## Records supplied:
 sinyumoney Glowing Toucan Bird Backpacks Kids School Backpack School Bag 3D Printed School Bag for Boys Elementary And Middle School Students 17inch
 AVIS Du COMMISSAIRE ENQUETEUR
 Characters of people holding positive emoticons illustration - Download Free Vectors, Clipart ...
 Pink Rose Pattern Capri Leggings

==

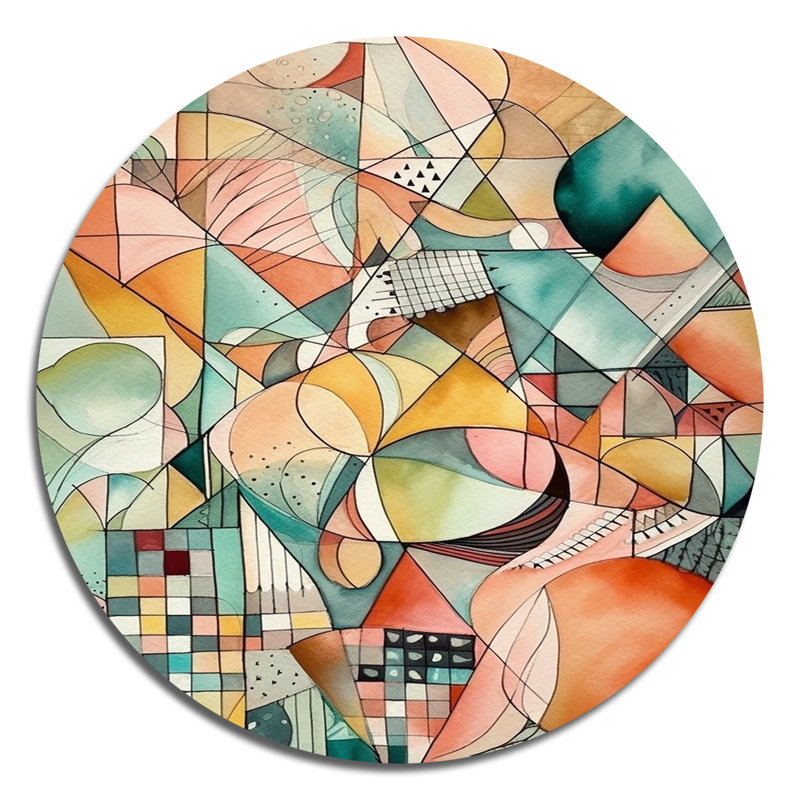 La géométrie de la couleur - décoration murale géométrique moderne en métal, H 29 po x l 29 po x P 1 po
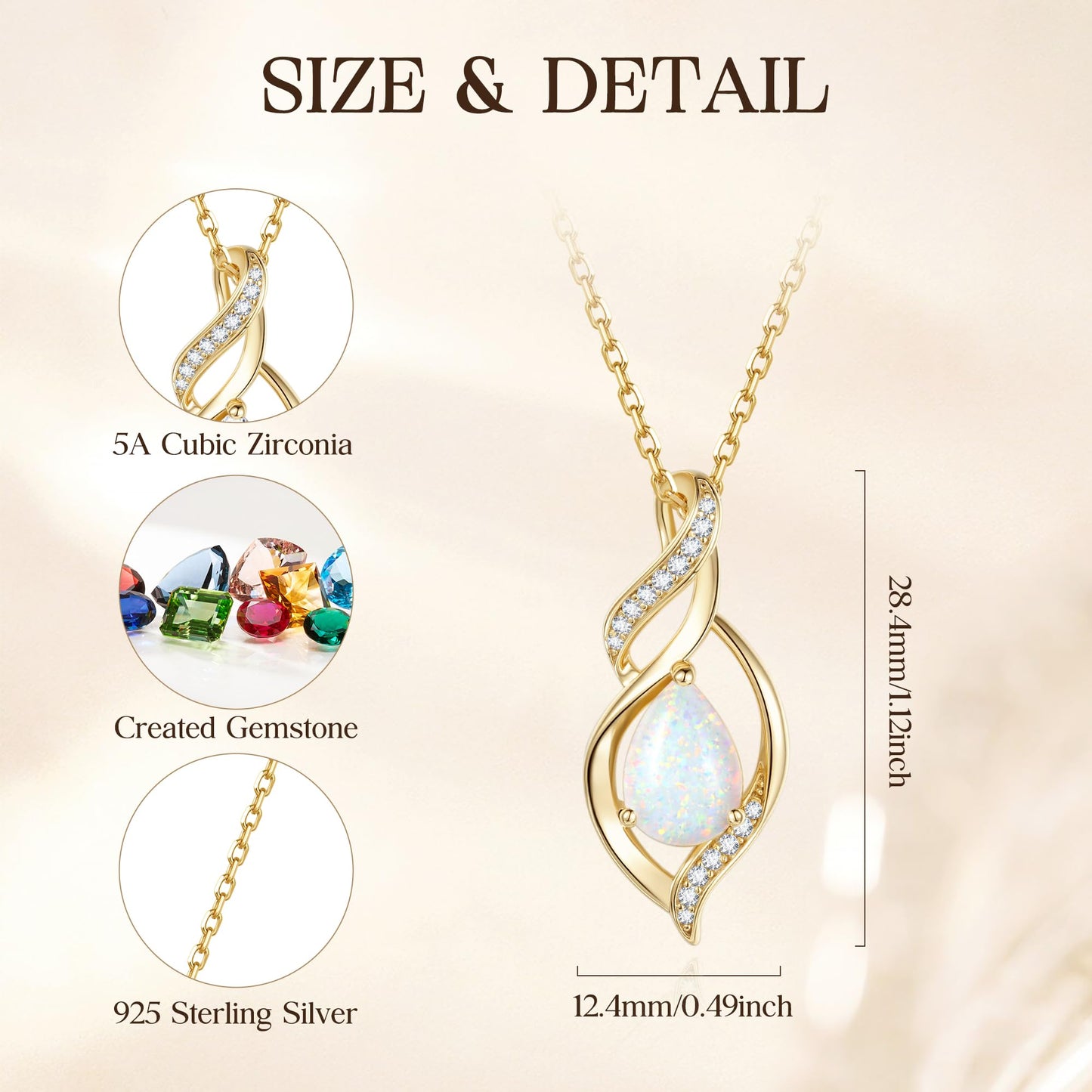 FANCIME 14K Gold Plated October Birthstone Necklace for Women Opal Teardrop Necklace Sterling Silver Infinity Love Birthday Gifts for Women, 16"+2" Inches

---

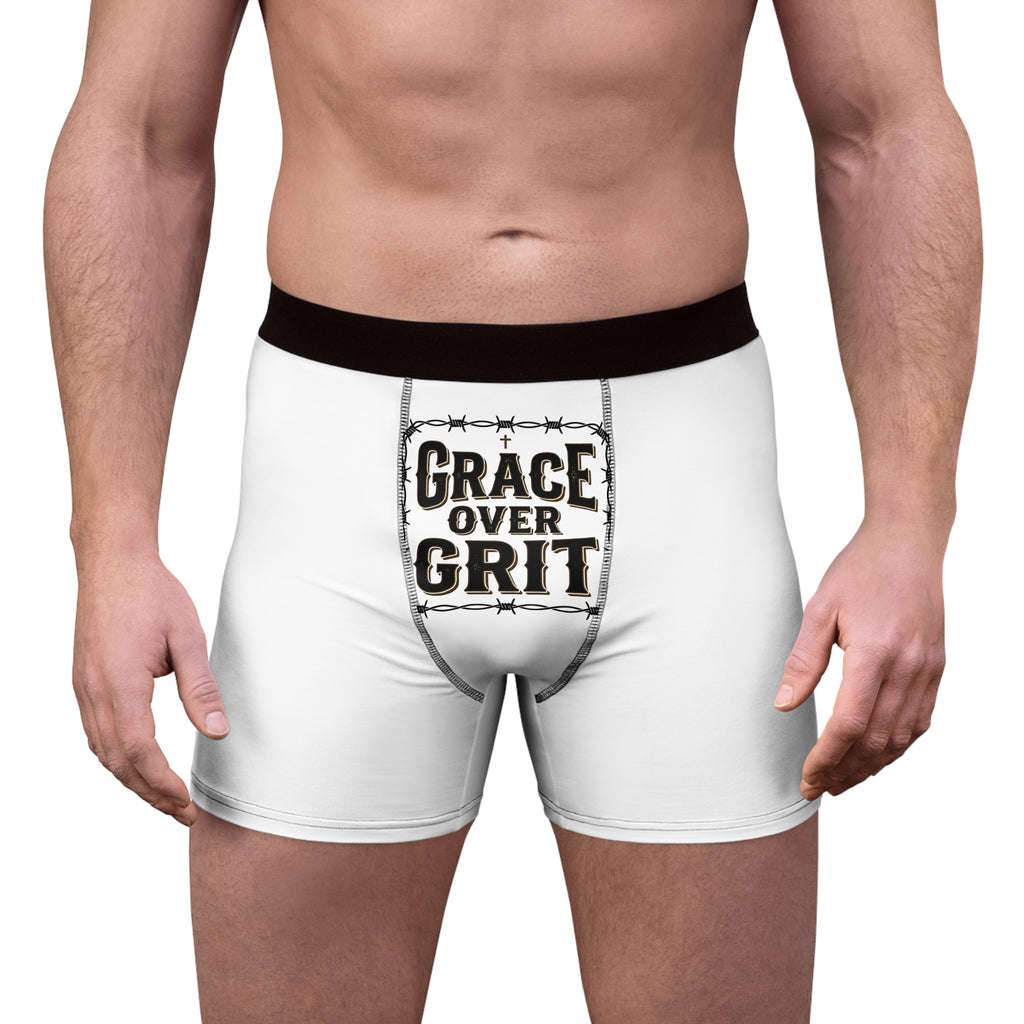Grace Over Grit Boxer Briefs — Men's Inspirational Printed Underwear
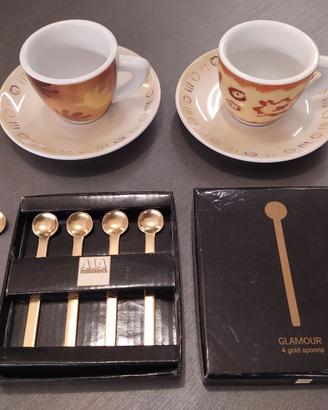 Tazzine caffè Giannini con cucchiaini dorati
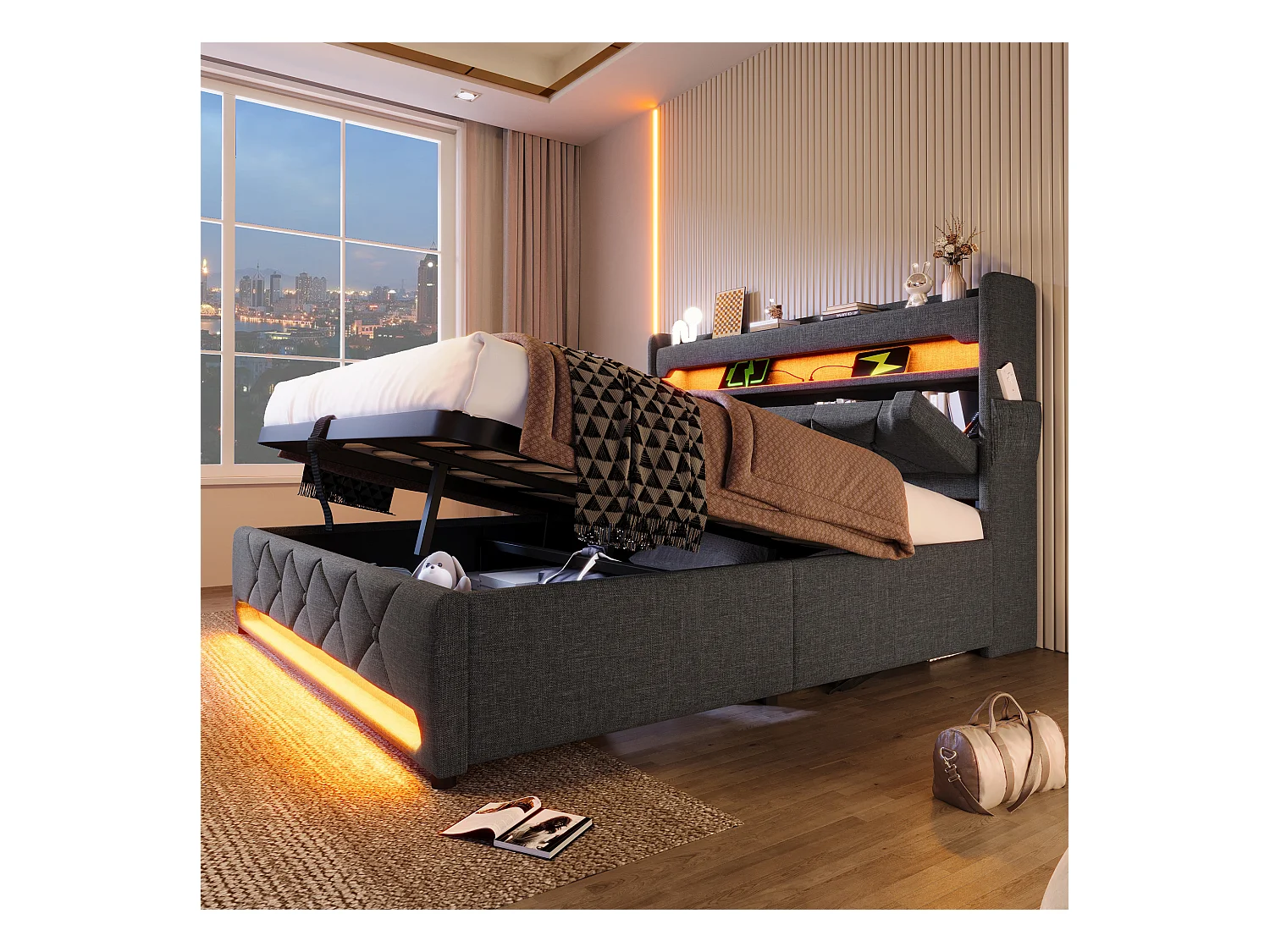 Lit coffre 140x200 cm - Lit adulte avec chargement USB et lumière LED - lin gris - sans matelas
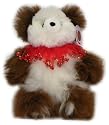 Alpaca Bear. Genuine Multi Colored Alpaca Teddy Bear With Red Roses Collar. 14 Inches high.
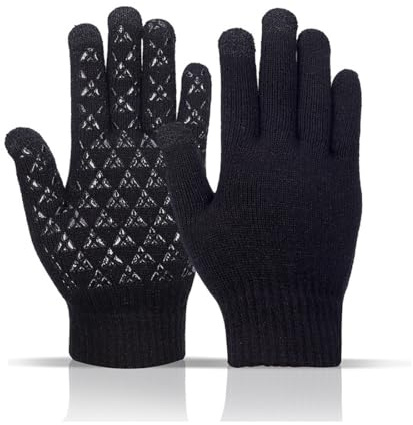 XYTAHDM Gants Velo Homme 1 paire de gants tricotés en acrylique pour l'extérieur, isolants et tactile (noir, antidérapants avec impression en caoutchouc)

## Task to complete:
Nothing but the lines above, starting at the line that contains "Lit coffre 140x200" and ending at the line that contains "Alpaca Bear. Genuine", should be given again, exactly and without the pictures.

## Answer to the exercise:
 Lit coffre 140x200 cm - Lit adulte avec chargement USB et lumière LED - lin gris - sans matelas
 Alpaca Bear. Genuine Multi Colored Alpaca Teddy Bear With Red Roses Collar. 14 Inches high.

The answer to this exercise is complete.